One such face was that of a woman, probably in her twenties, with short jet black hair and tawny brown skin. Eli once mistook her for a man because of the way she dressed, only to be gently corrected when he called her name and heard her voice as she thanked him for the coffee.
That morning, the woman—who he learned was named “Dane”—arrived with slumped shoulders. Eli figured Dane didn’t have a great morning. She took a seat by the counter and Eli walked over to take her order.
“The usual, Dane?” Eli asked, albeit a rhetorical one.
“Yep,” Dane said. “Thanks, Eli.”
They had begun calling each other by their first names after Dane corrected Eli on her gender. To Dane, Eli is similar to how Denny is to Talia. They would make small talk, with Dane lamenting about Tin-tin’s antics. Eli would tell her tidbits of his life back in the countryside in response.
“Saw you with a girl last time, was it a date?” Eli asked as he gave Dane her coffee.
Dane’s shocked face reddened much to Eli’s mirth. “Wha-no, we weren’t on a date,” she told him. “She’s an artist I met back in the city library. She’s just a friend.”
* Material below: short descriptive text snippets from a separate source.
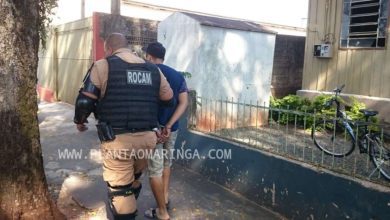 Fotos de Homem é preso suspeito de esfaquear rapaz durante briga em Maringá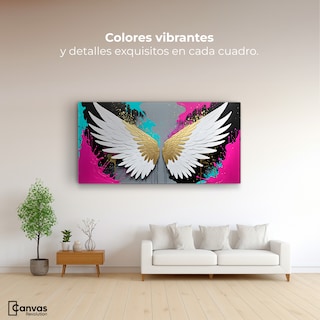 Foto 2 | Cuadro Alas De Ángel Canvas Ángel Protector 120x60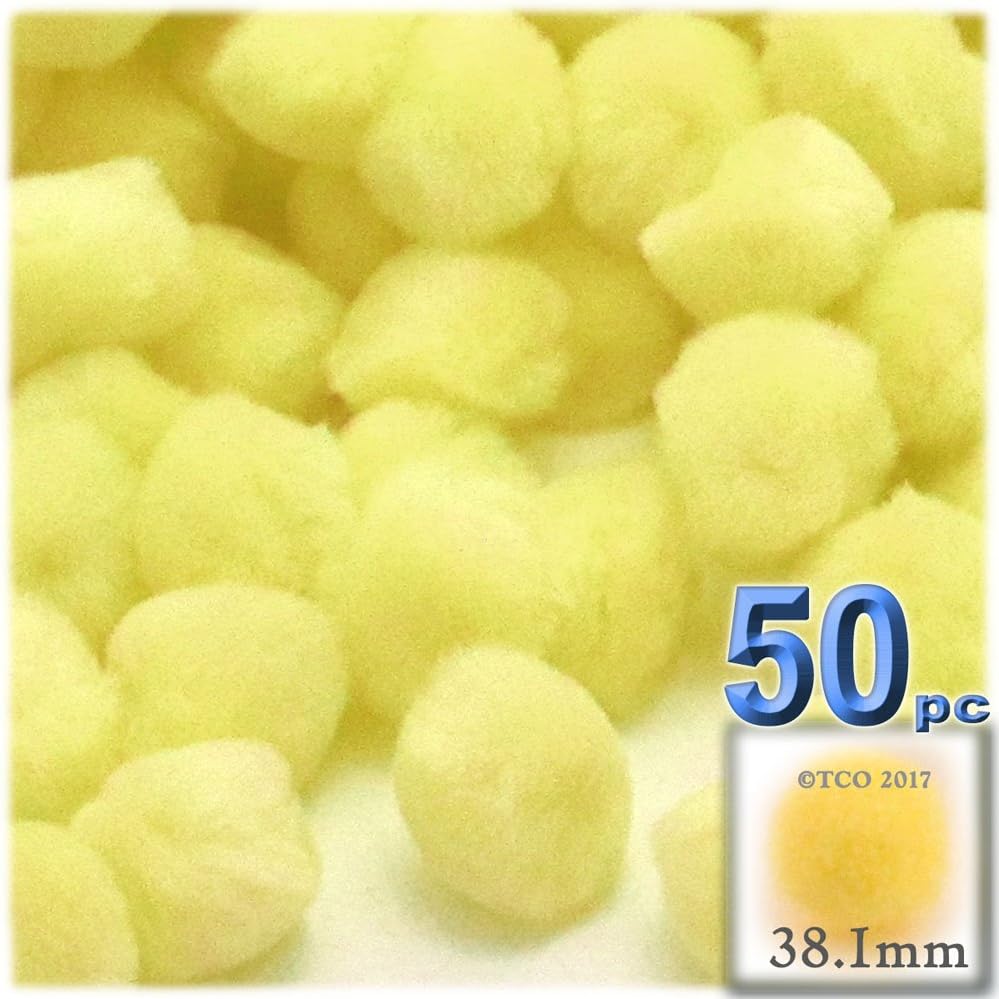 The Crafts Outlet 50 Piece Multi Purpose Pom Poms Turquoise Blue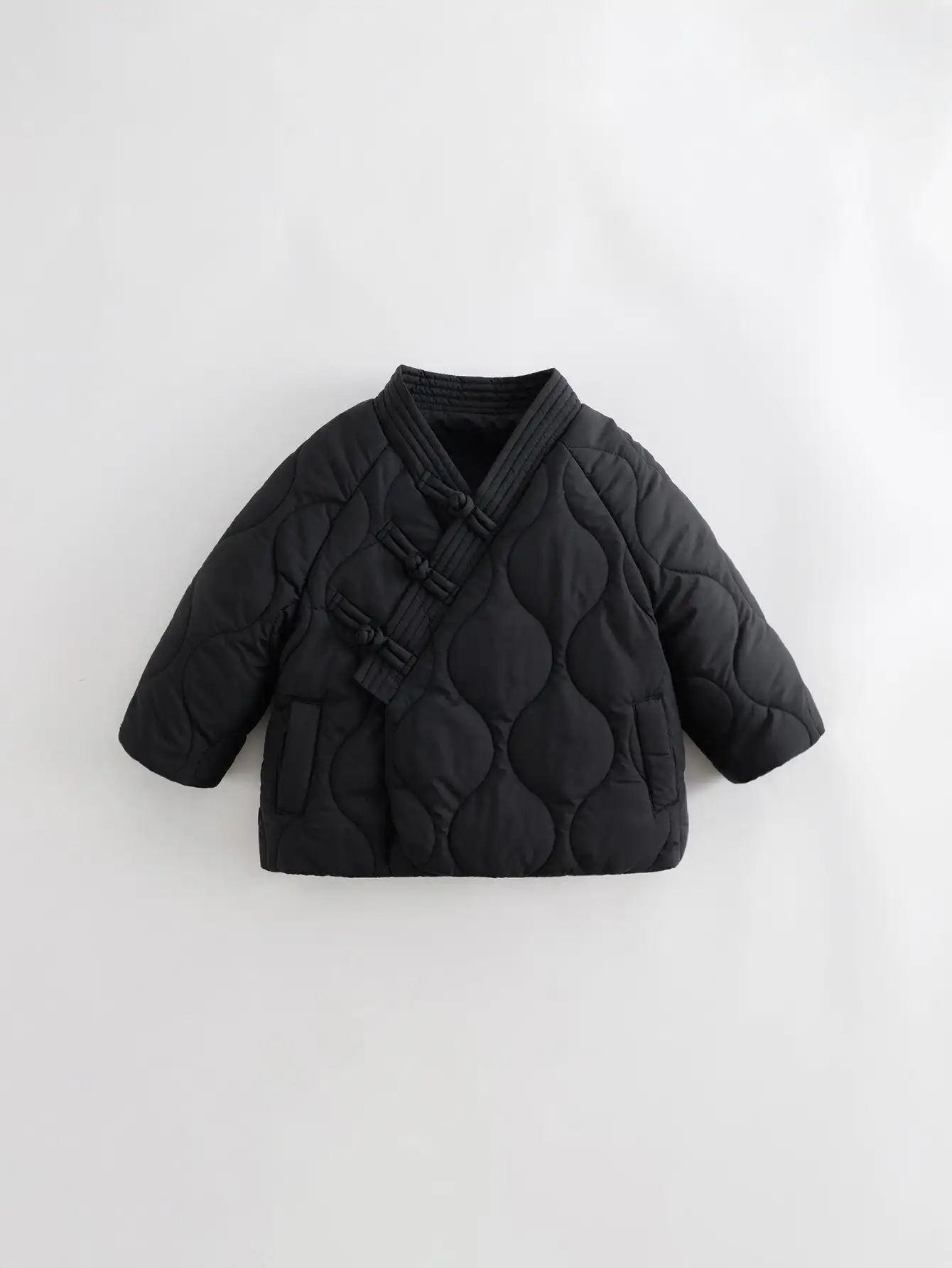 MARC &amp JANIE Boys Cross Collar Plate Button Loose Jacket 241192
Eli smirked. “I see. I think wiping pie smears off the face of a girl you just met is something friends do.”
“Don’t they?”
“Well, I guess if you guys have known each other for a long time, wiping faces would be a normal thing. However, you and that girl have only been acquainted with each other just recently, which makes it out of the ordinary.”
“How can you tell?”
“Dummy. You usually come here either on your own or with Franco. Then all of a sudden you arrive with a girl. Therefore I deduced that you were on a date.”
Dane scoffed. “We’re not on a date, Eli. Don’t push it.”
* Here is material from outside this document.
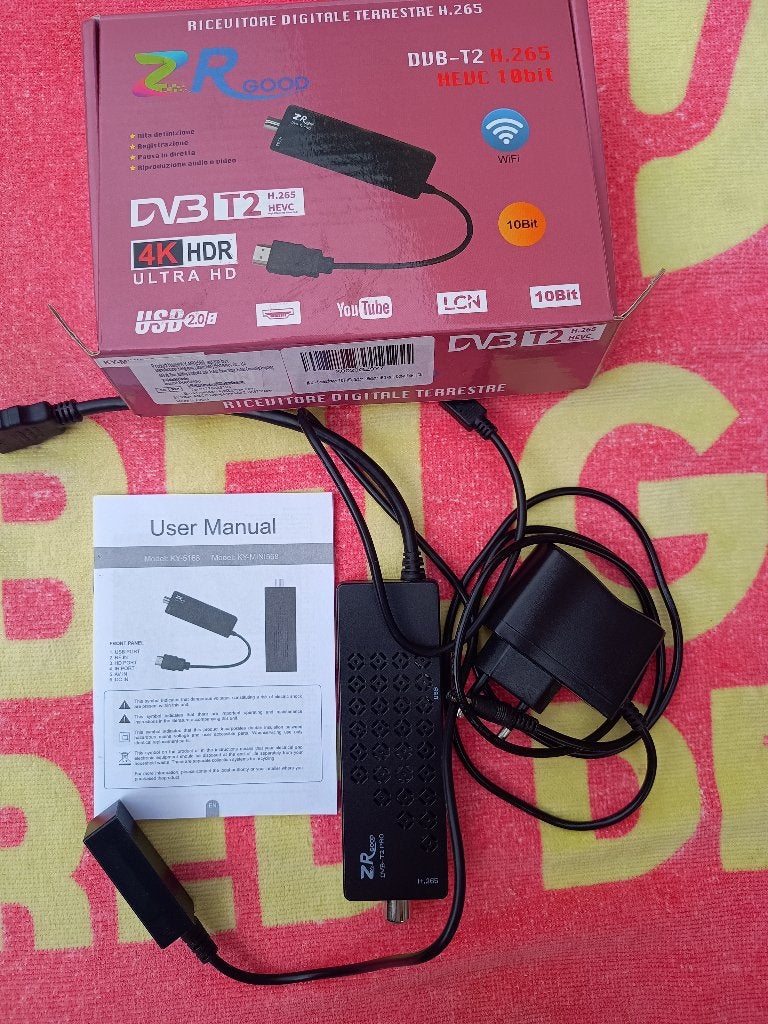 UHD 4K dvb t2 ontvanger, Enlèvement ou Envoi, Comme neuf
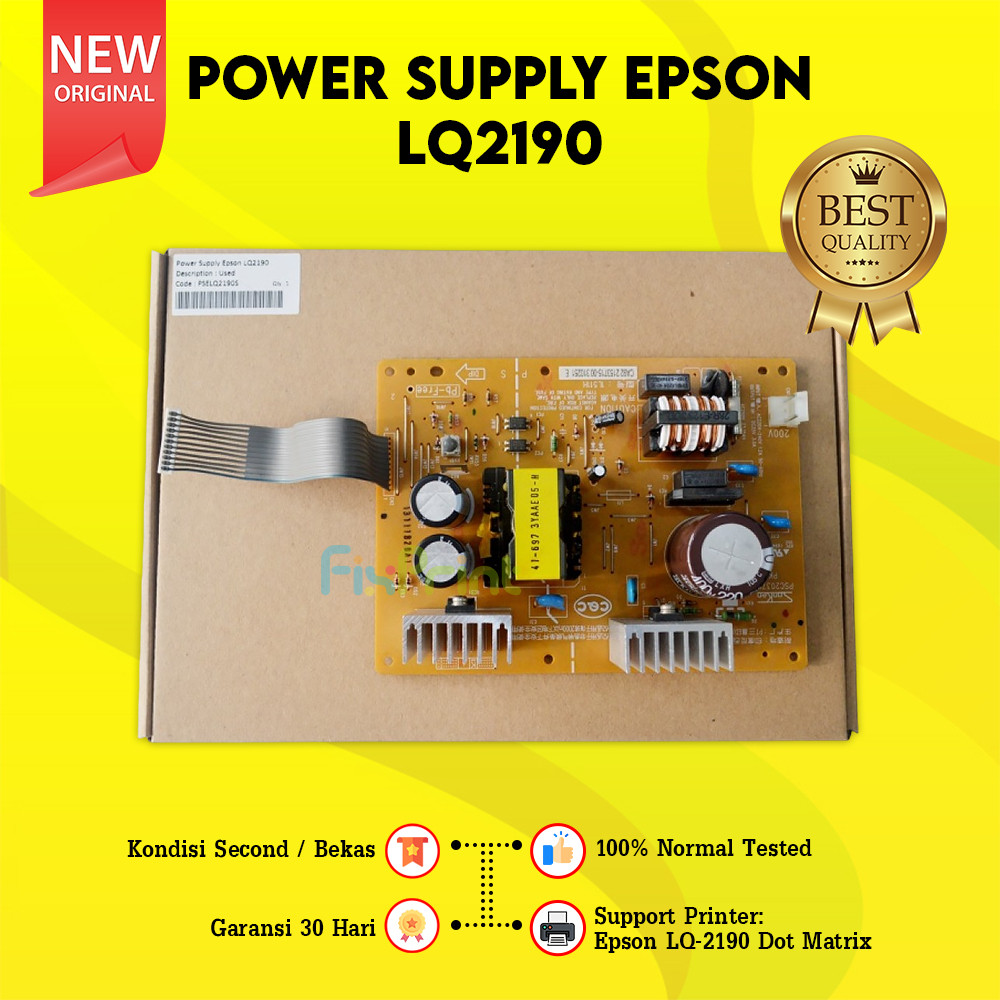 Epson LQ2190 ใช้ PSU Power Supply Adapter LQ 2190 วินาที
“Alright, alright, I won’t,” Eli said, his palms raised in mock surrender.
“How about you, how’s the girl hunt going so far?” Dane asked as she drank her coffee and pointed to the donut rack. “Have you caught someone already?”
Eli shook his head and handed Dane a chocolate-filled donut. “Not much luck in that department, I guess.”
“Well, it’ll come when you least expect it, I guess,” Dane told him before biting on the donut.
Eli chuckled. “Sure, sure. For all I know, yours have already arrived.”
Dane pouted. “I told you, we’re just friends.”
Eli shrugged and excused himself to serve other customers. As he glanced over Dane, he felt the familiar sense of intrigue that had been in him since their first encounter. Dane was a peculiar woman…that, he knows, but that didn’t deter him from wanting to know more of her.
At the same time, Eli didn’t feel queasy around her. He had known himself to be awkward around girls, despite growing up with seven sisters. But with Dane, he immediately found himself at ease. Perhaps because Dane had this effect around her that makes her easy to get along with. He liked the feeling, and every passing moment he spends with Dane was rather enjoyable.
Dane bade him good-bye minutes later, and as he watched her disappear from his sight, Eli felt as if some energy from him was sapped away. He dismissed the feeling, thinking it was akin to seeing a friend leave.